**Data provided:**
------------------------------------------------------------------------

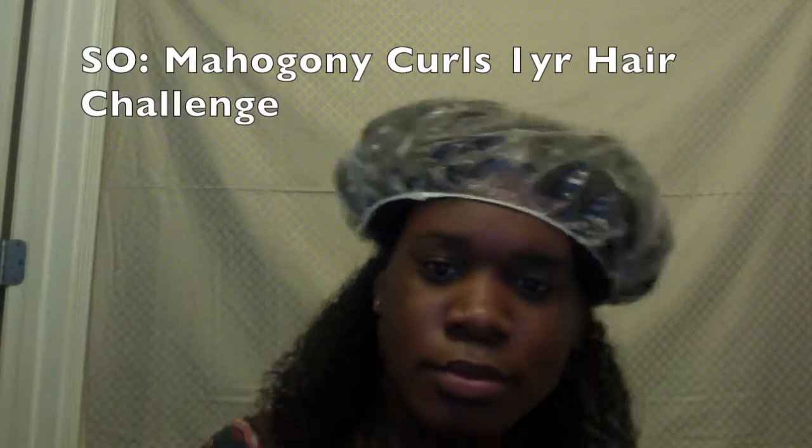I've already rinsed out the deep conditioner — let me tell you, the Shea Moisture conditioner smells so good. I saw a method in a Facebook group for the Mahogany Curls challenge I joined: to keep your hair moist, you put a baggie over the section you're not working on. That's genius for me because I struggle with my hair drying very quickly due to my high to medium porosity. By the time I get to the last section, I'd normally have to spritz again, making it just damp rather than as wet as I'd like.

------------------------------------------------------------------------

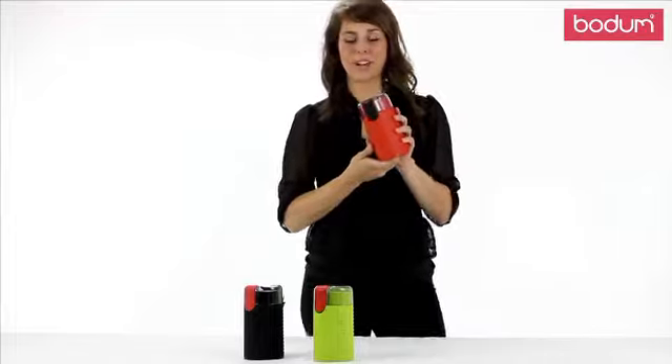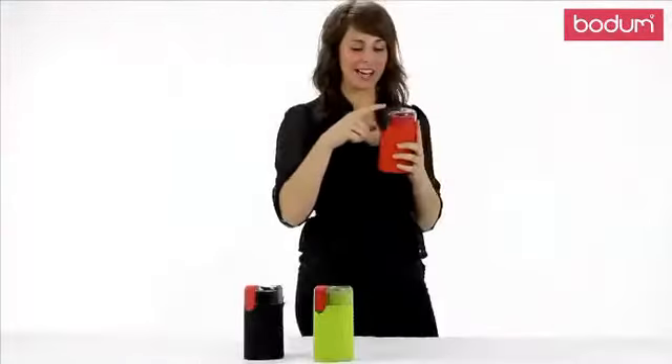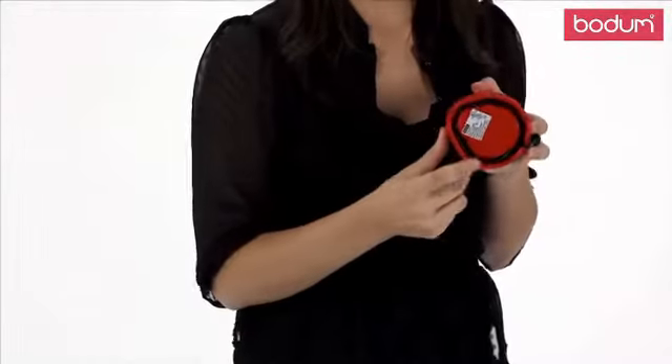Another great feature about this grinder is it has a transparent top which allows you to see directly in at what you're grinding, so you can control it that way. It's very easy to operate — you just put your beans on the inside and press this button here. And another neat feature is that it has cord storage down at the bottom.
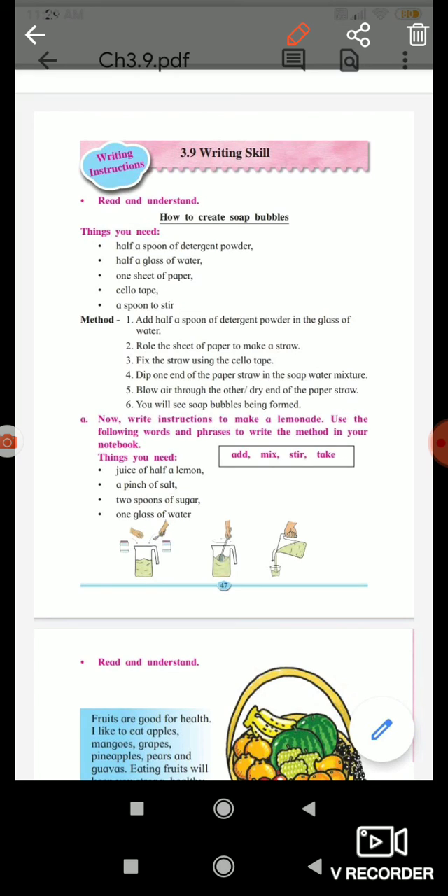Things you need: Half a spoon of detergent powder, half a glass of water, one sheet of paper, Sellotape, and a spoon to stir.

------------------------------------------------------------------------

For the material above, give again only the lines starting at the line that contains "Another great feature" and ending at the line that contains "Things you need: Half". Pictures do not belong in the copy.

**Response to this exercise:**
Another great feature about this grinder is it has a transparent top which allows you to see directly in at what you're grinding, so you can control it that way. It's very easy to operate — you just put your beans on the inside and press this button here. And another neat feature is that it has cord storage down at the bottom.
Things you need: Half a spoon of detergent powder, half a glass of water, one sheet of paper, Sellotape, and a spoon to stir.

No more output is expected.